Aim of the task: Only the lines below from the one containing "26/12/2021 5 Cycle" to the one containing "450 450 450" should be repeated, both included and unchanged.

Data shown:

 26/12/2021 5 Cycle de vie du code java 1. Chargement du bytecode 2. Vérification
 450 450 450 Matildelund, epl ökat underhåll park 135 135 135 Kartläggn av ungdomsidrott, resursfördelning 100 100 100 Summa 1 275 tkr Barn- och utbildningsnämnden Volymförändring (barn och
==
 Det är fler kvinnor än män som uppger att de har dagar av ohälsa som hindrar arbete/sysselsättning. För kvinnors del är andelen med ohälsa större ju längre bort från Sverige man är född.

Written answer:
 26/12/2021 5 Cycle de vie du code java 1. Chargement du bytecode 2. Vérification
 450 450 450 Matildelund, epl ökat underhåll park 135 135 135 Kartläggn av ungdomsidrott, resursfördelning 100 100 100 Summa 1 275 tkr Barn- och utbildningsnämnden Volymförändring (barn och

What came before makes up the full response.